An obvious suggestion for the signal Holmlid measures in his detector and assigns to muon detection is electronic noise. A good candidate for this noise is the laser. The Q-switch of lasers with 0.4 J pulses gives a very clear electric noise signal when triggered. The duration of these noise pulses is typically on the order of 10 ns, with a sharp onset in time. Similar to the signal observed by Holmlid, such noise signals are predominantly but not entirely exponentially decreasing. The fitted lifetime curves are, therefore, no proof of the production scheme. The same concern has already led to the retraction of one paper by L. Holmlid (see ref. [10]).

We note that the muon production, which is claimed to have a rate up to \(\mathsf 10^{14}~{\rm{s}}^{-1}\), is operated without any radiation protection measures in place. The absence of serious radiation damage to people and equipment by this extremely high amount of ionizing radiation is perhaps best explained by the author himself. In [11] the author states that a Geiger–Müller counter held close to the source does not register any radiation. We remind the reader that this counter detects single high energy particles, and we find that this statement makes a very good argument that the putative source does not in fact produce muons.

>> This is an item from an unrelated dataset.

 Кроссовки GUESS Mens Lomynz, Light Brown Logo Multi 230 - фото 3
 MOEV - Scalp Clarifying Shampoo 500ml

The explanation for the signal seen in the detector and interpreted as high energy particles by Holmlid appears not only when a laser is triggered. As claimed in [12], nuclear reactions (not ‘just’ fusion but also and in particular meson production) can be ignited by switching on a fluorescent lamp. This is in our mind a very good indication that the measured signal is an instrumental artefact, i.e., noise.

Conclusions

We have commented on a recent paper [1] containing claims on a practical solution for industrial energy production through muon catalyzed fusion of hydrogen isotopes. Although its appeal is understandable, the results in the paper are untenable.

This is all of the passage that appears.